◆ Recorded information ◆
□ □ □ □ □ □ □

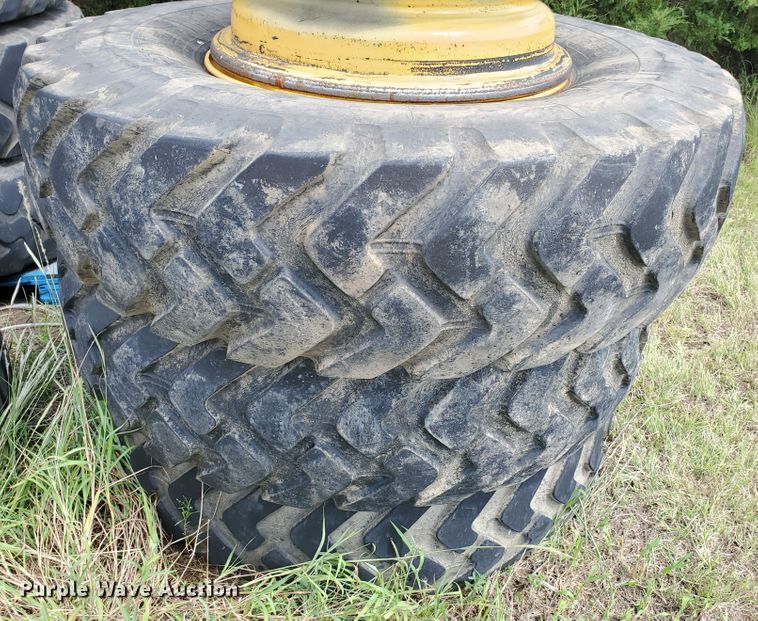 image for item KY9178 (6) 14.00-24 tires
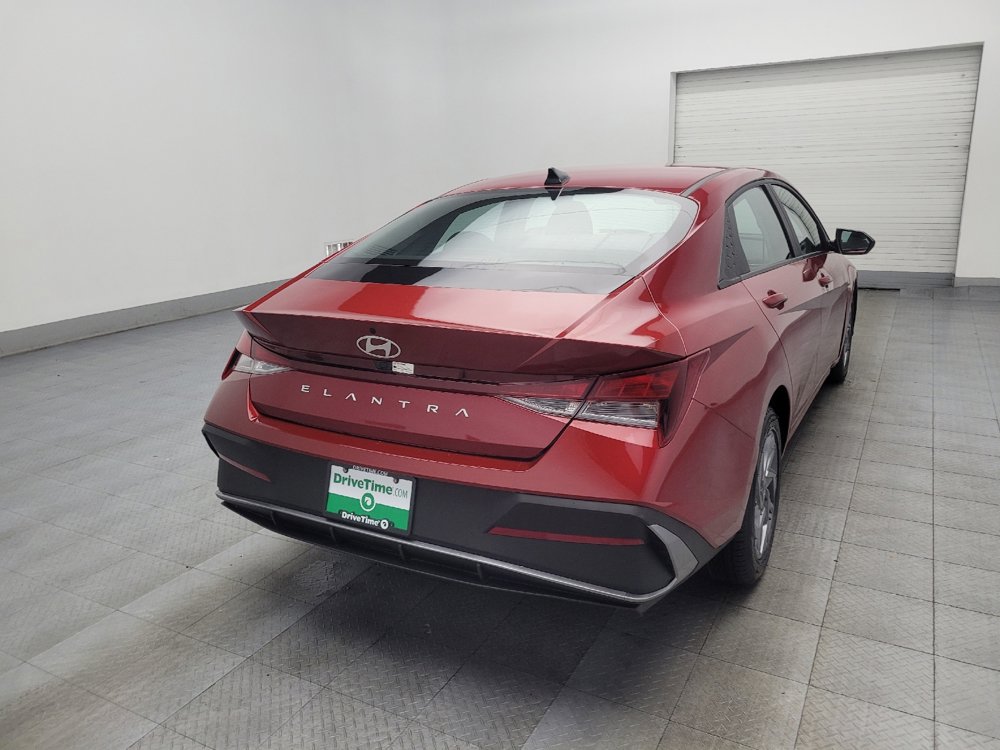 Used 2024 Hyundai Elantra SEL FWD image 9
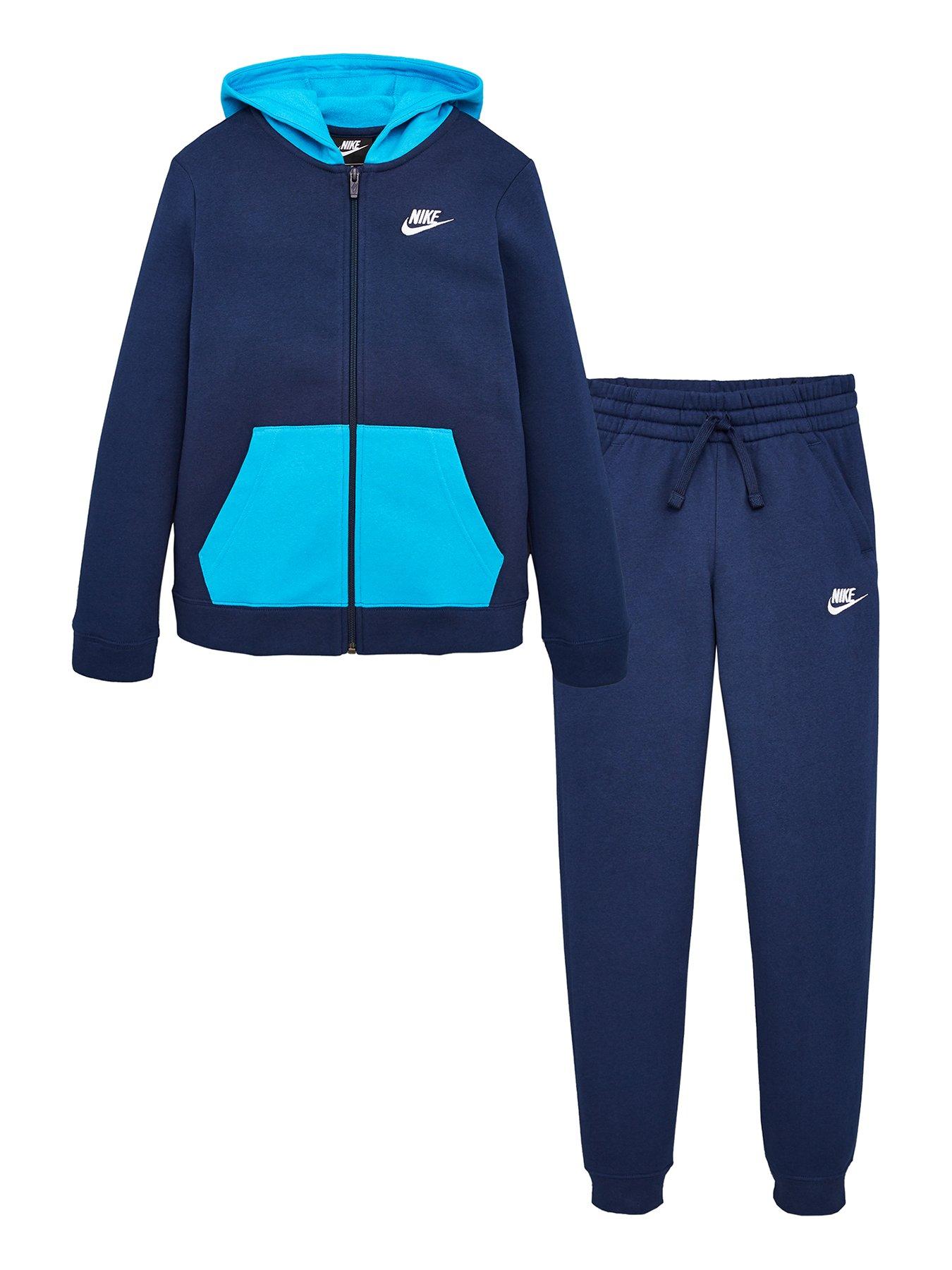 clothes nike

□ □ □ □ □ □ □

◆ Exercise objective ◆
Pictures do not belong in the copy. Reproduce the rest of the data exactly.

◆ Answer ◆
 image for item KY9178 (6) 14.00-24 tires
 Used 2024 Hyundai Elantra SEL FWD image 9
 clothes nike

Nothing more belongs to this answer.